The majority concludes that we must determine for ourselves, on the basis of the record alone, whether an order suppressing evidence is appealable. The record of a suppression hearing, though, contains only the evidence adduced at the hearing, which is limited to a determination of whether specific evidence was obtained in violation of the defendant's rights or any statutory provision.*fn1a The Commonwealth does not present its full case at a suppression hearing or make arguments for conviction. Thus, frequently it cannot be ascertained from the suppression record what other evidence, if any, is available to the Commonwealth. Therefore, in many cases, it would be impossible to
[ 311 Pa. Super. Page 325]
determine from the record whether an order suppressing evidence does in fact terminate or substantially handicap the prosecution.
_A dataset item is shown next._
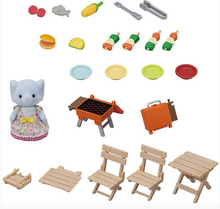 Load image into Gallery viewer, Sylvanian Families BBQ Picnic Set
See: Commonwealth v. Bosurgi, 411 Pa. 56, 190 A.2d 304, cert. denied, 375 U.S. 910, 84 S.Ct. 204, 11 L.Ed.2d 149 (1963).
Furthermore, in determining whether an order suppressing evidence is appealable, we must keep in mind the following:
In our zeal to protect and preserve for the accused every constitutional right to which he is entitled we too often forget and neglect to preserve the rights of society which, too, are entitled to consideration. An appellate review of the validity of the order of suppression cannot harm the defendant whereas the denial of the right to such review does harm the Commonwealth.
Commonwealth v. Bosurgi, 411 Pa. at 63, 190 A.2d at 308.
Unless the record affirmatively shows the availability of other evidence to the Commonwealth, which is sufficient to obtain a conviction, we must assume that the Commonwealth would be prejudiced by the suppression of evidence.*fn2a Otherwise, we would have to remand to the lower court for a more complete record, consequently expending already overtaxed judicial time and resources as well as depriving the defendant of his constitutional right to a speedy trial.
By accepting such an appeal as the Commonwealth's good faith certification that the case will be terminated or substantially prejudiced by a suppression order, we remain within the ambit of Bosurgi, we follow the precedent set by the Court in Deren and Trefry, and we provide a procedure for appeal which benefits all of society, not just the criminal defendant.
In Commonwealth v. Dugger, I join in the well-reasoned Dissent of Judge Wieand.